Sigrid Undset (born May 20, 1882 in Kalundborg , Denmark , † June 10, 1949 in Lillehammer , Norway ) was a Norwegian novelist , novelist, lay Dominican and essayist. Her works deal with the conflict between Norwegian tradition, the European crisis of her time, Roman Catholicism and the female emancipation movement. "Primarily for her powerful portrayals of Nordic life in the Middle Ages" , so the reasoning of the Nobel Prize Committee, she received the Nobel Prize for Literature in 1928 .

Life

Family and early years

Sigrid Undset as a young girl

Sigrid Undset was the oldest of three daughters of Ingvald Undset and his wife Charlotte Gyth. Ingvald Undset was an internationally recognized Norwegian archaeologist , while Charlotte Gyth, three years his junior, came from a respected Danish family of lawyers. Sigrid Undset spent the first two years of her life in her grandparents' house in Denmark. Only after the birth of her sister Ragnhild, two years after Sigrid Undset's birth, did she and the family move to a country house on the outskirts of Oslo , which at that time was still called Kristiania . The family was very distant from the Norwegian Evangelical Church.

Her parents aroused Sigrid Undset's interest in Norwegian and European history and culture at a very early age and thus laid the foundation for her future novels. Charlotte Gyth was a watercolor painter . Encouraged by her mother to paint at an early age, Sigrid Undset wanted to be a painter as a child, but she began to add poetry to her drawings at an early age. She learned the Norse language from her father very early on . She also accompanied him to the archaeological university institute in Oslo and visited old churches with him. Sigrid Undset's detailed knowledge of the medieval forms of life that characterize her historical novels Kristin Lavransdatter and Olav Audunsson can be traced back to this.

The parents also made sure that their eldest daughter attended a prestigious private school in Oslo, which was considered very progressive, was one of the first to introduce co-education and also employed teachers. Sigrid Undset didn't feel comfortable at this school. Sigrid Undset was preoccupied with religious topics very early on, and she was not interested in either the Protestant faith represented there or the school's belief in progress.

Sigrid Undset approx. 1900–1905, photographed by Ernest Rude

The death of the father

Sigrid Undset's father probably suffered from a late form of syphilis , which was no longer contagious, but at that time also incurable. As a result of the damage to the central nervous system, the disease increasingly restricted Ingvald Undset's ability to move from 1886 onwards. The family was forced to move further to downtown Oslo, near the university, several times. The apartments became increasingly dreary; from 1890 the family lived in a gray tenement in downtown Oslo. For Sigrid Undset, the moves meant the separation from a rural life, in which she felt "like a young snake on a sun-warmed hill".

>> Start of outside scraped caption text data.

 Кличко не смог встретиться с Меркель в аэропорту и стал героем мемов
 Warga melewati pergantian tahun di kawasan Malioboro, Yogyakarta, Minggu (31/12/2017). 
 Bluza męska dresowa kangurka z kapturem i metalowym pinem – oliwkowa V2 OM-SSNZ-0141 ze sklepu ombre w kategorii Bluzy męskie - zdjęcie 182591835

When Sigrid was eleven years old, her father, to whom she was very close, died. The death of the father meant a massive economic decline for the family. Despite the waiver of the school fees, Sigrid Undset left the private school after the middle school examination. As the eldest she wanted to contribute to the livelihood of the family, she felt that the school fee waiver offered was too great an obligation. At the age of 17 she accepted a position as a secretary at the Norwegian branch of the German AEG in Oslo. She saw herself there as an "office slave" and lived a two-part life for the next 10 years. During the day she worked in the office; in the evenings she read and wrote late into the night. Her intensive preoccupation with Norwegian and European history and literature led to her later becoming one of Norway's leading intellectuals.

The first literary successes

Sigrid Undset around 1911

The careful observation of the lives of her colleagues shaped her first literary successes. Her first work, a novel that took place in the Middle Ages and which she completed at the age of 22, was rejected by the publishers on the grounds that she should write something more modern. “Crazy with anger” , as she wrote Andrea Hedberg, with whom she exchanged letters for forty years, she began to write to Ms. Marta Oulie . The eighty-page novel published in 1907 begins with the words: "I betrayed my husband" . A woman begins an extramarital love affair in order to escape the desolation of a joyless marriage and experiences how hopeless this path is. In her subsequent novellas, The Happy Age , Frau Hjelde and Hariet Waage , Sigrid Undset also contrasts the romantic ideas of her female characters with their lackluster reality.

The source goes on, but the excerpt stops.